Leopards do not change their spots, darlin'.
My former husband – no, ex-husband – read the previous post and protested much about the reference to his being unfaithful during our marriage. He said that he had made many mistakes during our six years, but being unfaithful was not one of them.
So, his list of "Provable Facts," (numbered one, two and three) about when he met his current love, when he took her to Utah and when he took her to Florida start seven months after the divorce papers were signed. He claimed malicious libel and intent on my part by writing my blog referencing the emotional pain I was experiencing to cleanse myself of all blame in the matter, and mostly, to getting my dates wrong. I heartily apologize for insinuating he was unfaithful to me with his bride. It's clear now that the woman he took to church the Sunday three days after I left and introduced to all our friends was not the same woman he married.
Here's some provable facts (numbered one, two and three):
1. His sister offered me $10,000 and an apartment rented for a year in my name to divorce him during the first three months of our marriage. I'm really not sure why. Several phone calls between brother and sister ensued after we moved to Kentucky, and she suggested he go visit his former girlfriend from Lexington for attitude adjustments. The same former girlfriend who showed up in the small town we lived in, about 80 miles from Lexington, not two weeks after we arrived. The same former girlfriend he continued to e-mail back and forth during the full course of our marriage, from day one to day none. I did protest, but his connection to her was strong. And he wasn't giving up any of his connections with women to make his wife feel more secure.
2. His brother called me the last few months of our "marriage on paper" and recounted tales of my ex-husband meeting with women on business trips.
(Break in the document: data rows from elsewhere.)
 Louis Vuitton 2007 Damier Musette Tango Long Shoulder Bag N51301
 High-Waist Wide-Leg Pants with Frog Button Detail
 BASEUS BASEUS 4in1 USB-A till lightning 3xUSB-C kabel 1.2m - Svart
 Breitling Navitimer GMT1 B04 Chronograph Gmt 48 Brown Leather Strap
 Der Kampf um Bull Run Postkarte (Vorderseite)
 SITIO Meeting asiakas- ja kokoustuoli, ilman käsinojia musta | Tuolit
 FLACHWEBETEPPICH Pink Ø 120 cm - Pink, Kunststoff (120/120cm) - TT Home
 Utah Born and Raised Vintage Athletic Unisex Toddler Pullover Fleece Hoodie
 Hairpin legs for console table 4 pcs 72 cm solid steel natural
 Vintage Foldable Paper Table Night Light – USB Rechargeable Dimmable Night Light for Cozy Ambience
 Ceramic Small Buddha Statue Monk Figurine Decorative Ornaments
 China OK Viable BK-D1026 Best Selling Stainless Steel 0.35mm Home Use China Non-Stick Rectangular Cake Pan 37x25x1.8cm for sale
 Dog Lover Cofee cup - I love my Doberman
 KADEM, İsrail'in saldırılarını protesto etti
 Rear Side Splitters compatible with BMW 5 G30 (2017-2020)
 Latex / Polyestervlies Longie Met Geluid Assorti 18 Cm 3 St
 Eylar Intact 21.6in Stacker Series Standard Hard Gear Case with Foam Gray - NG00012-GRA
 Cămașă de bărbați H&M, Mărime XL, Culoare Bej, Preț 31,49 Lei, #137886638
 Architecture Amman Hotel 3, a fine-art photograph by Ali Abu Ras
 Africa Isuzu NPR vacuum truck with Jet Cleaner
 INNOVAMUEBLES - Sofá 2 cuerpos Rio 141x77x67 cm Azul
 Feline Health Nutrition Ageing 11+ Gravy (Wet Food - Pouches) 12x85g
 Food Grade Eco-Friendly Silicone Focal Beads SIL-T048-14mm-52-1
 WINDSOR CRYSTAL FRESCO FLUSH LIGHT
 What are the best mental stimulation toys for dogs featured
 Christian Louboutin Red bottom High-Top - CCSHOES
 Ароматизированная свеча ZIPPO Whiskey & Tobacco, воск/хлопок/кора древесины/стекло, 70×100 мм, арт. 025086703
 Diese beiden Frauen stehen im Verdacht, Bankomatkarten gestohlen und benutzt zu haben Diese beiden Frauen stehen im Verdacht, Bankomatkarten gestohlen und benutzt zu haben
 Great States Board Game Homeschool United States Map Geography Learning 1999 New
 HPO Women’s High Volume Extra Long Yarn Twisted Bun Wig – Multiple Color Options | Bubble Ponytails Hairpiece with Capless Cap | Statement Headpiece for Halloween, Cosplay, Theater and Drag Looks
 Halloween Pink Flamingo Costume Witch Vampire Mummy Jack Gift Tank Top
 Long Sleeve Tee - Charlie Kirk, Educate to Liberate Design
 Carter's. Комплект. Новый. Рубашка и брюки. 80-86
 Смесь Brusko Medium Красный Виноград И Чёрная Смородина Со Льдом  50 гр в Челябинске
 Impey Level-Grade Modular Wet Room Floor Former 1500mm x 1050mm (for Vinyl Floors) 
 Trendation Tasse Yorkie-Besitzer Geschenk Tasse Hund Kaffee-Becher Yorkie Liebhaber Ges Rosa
He said I needed to put on my cowboy boots and kick his ass in court. Which I didn't. And get a medical exam. He stressed the last part. I should have listened a little closer to the last part.
3. He admitted to unfaithfulness during his first marriage. Twice. Maybe three times. With his wife's best friend. I have to give him credit for being honest with me about that. His first wife never had a clue.
I could go on and on about how much I loved this man, and why I was willing to live through the emotional hell my life became just on the hope that he would return to being the charming storyteller of tales, the romantic poet and dancer in the moonlight I met and married.
I wished him congratulations and a happy and healthy life and I meant it. Still do.
But am I over the betrayal, the trust issues, the loss of so many dreams? Nope. That will take more than seven months for me.